The interstitial ad grabs your attention and the pricing is aggressive, so I expect Chase is getting good takeup. More interesting to me is the actual online transfer process which appeared flawless, though I didn’t actually move any money. My only major criticism is that the prices are a little hard to find, especially the transfer fee.
It’s a great offer and lets the customers see the total price right away. Overall, I give it an A-.
- Great, eye-catching graphics
- Copy is very concise, passing the 25-word “Google homepage” mark
- Clear benefit, “save/saving” used twice in the 15-word ad
- Clicking through leads directly to the transfer page where users can accept the offer (see Figure 2 and 3)
Not so great:
On interstitial ad (Figure #1):
- Not super clear where to click to take advantage of savings
- The actual value of the “Great low rate” is not disclosed until after you click-through to transfer page (second screenshot)
- The laptop graphic image is not particularly interesting
On the transfer page (Figure #2), :
- Two choices are virtually identical (0% though Feb. 2012 or 0% through March 2012) and one that’s clearly less appealing (2.99% through Aug. 2012).
- There is no specific disclosure on the first page of the transfer fee (which I believe is 4%), just the famous “additional terms apply” (the fee comes in step 3, Figure 5)

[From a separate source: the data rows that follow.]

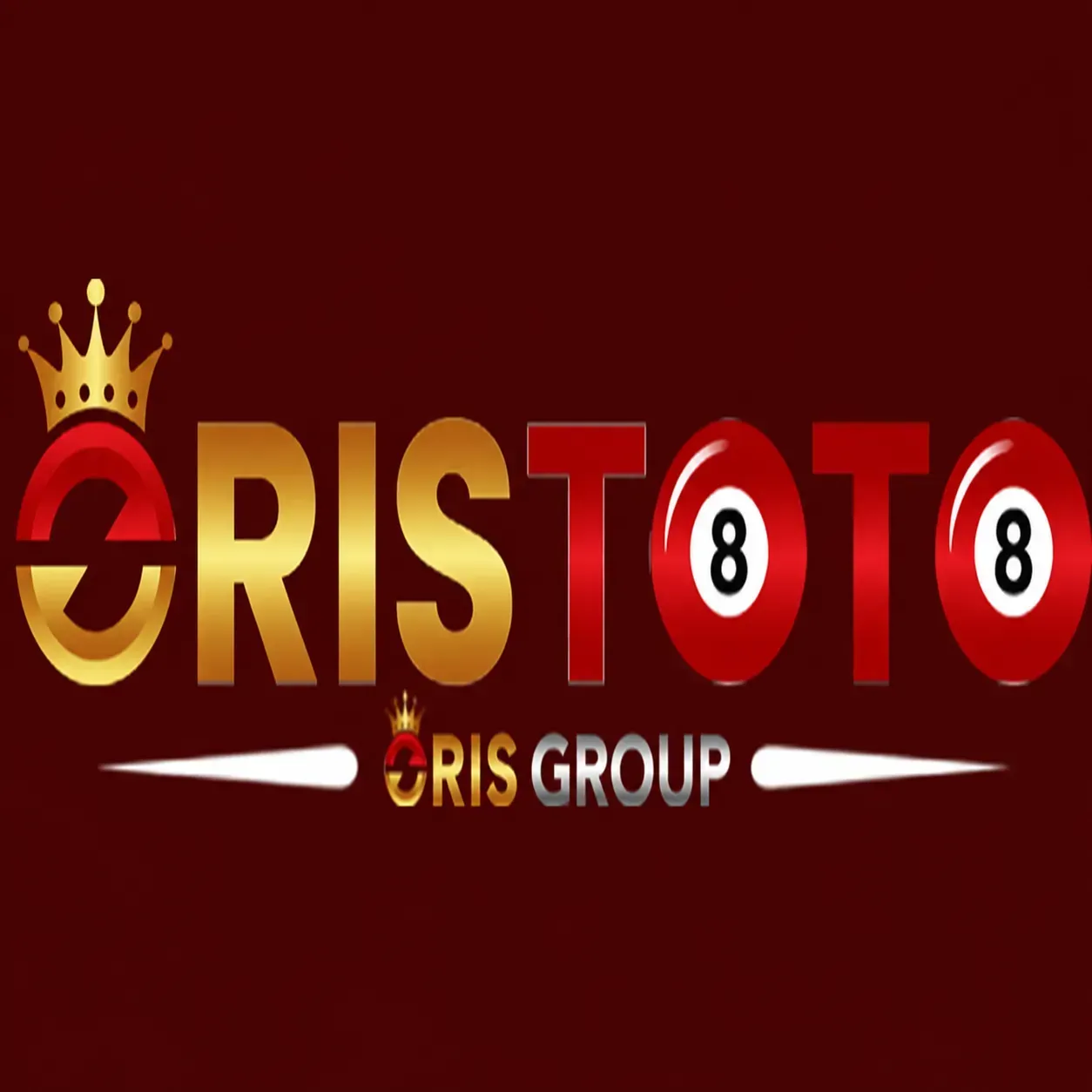ORISTOTO - Game Idle yang Menantang dan Mengasyikkan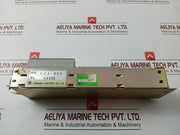 Terasaki Electric Eca-222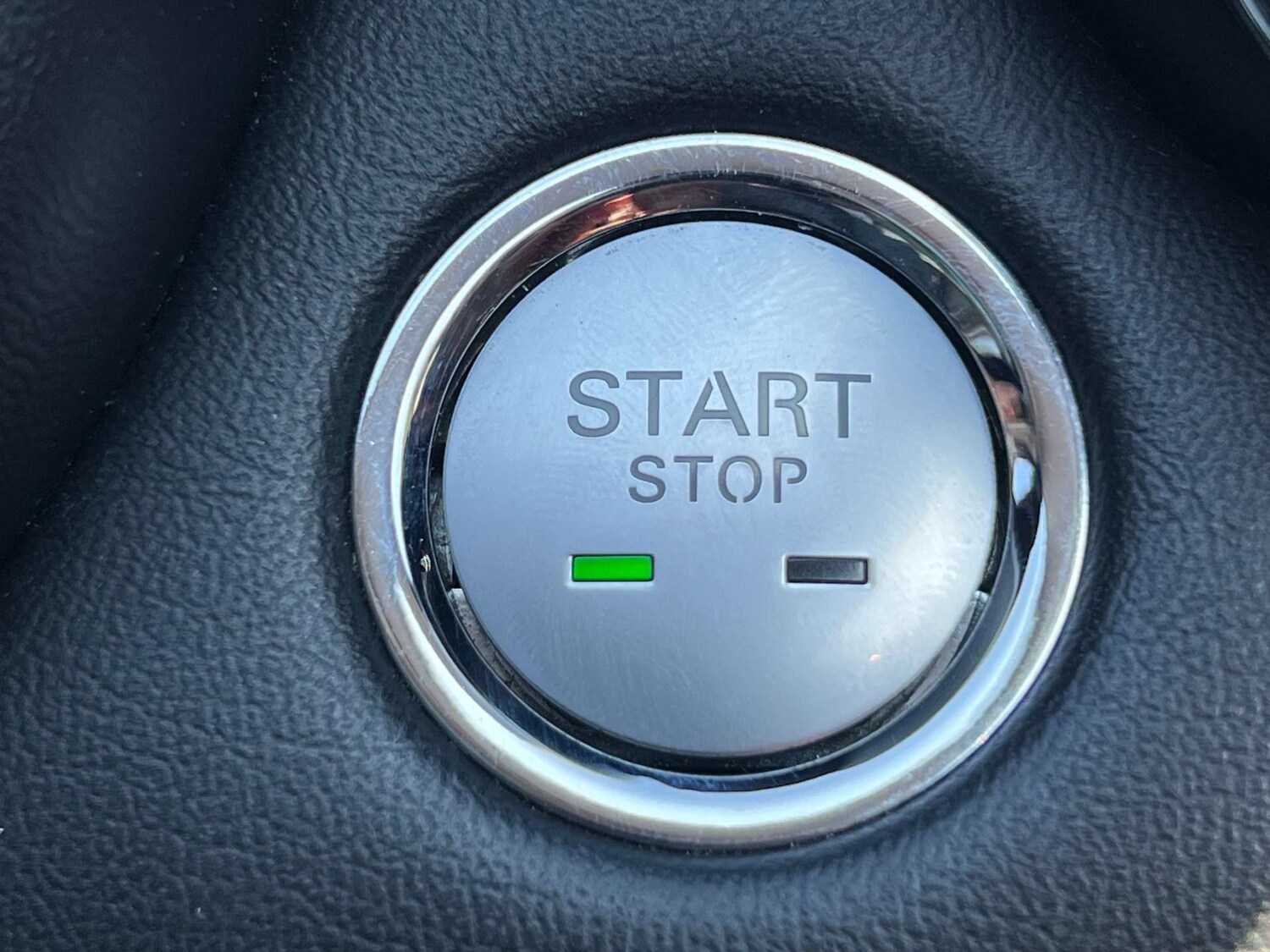 Used MG MG HS 2022 for sale - 77350569: Photo 51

Recent offers: On my original April 1 test (Figure 1 & 2), I didn’t go through the entire process. So I went back last week to see when Chase discloses the transfer fee. The user is told about the 1% transfer fee (see note 1) during the second step (Figure 5) when they are asked to agree to terms and conditions. The go-to rate after is also listed.
Figure 1: Chase interstitial ad at credit card login (1 April 2011, 8 PM Pacific)
Figure 2: Landing page to begin balance-transfer process (1 April 2011)
Retesting the service (21 July 2011; 10 PM Pacific)
Figure 3: Step 1 — Select an offer
Figure 4: Step 2 — Enter transfer details (card number and amount)
Figure 5: Step 3 — Agree to the terms and conditions
1. Chase’s 1% transfer fee is much lower than the 4% seen in most other offers. The bank should highlight that number since it’s a selling point.